Segment Open
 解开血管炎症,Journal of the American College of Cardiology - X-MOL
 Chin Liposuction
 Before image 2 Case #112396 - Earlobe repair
Segment Closed
An exact copy of all the material is what is needed.

### Answer area
 解开血管炎症,Journal of the American College of Cardiology - X-MOL
 Chin Liposuction
 Before image 2 Case #112396 - Earlobe repair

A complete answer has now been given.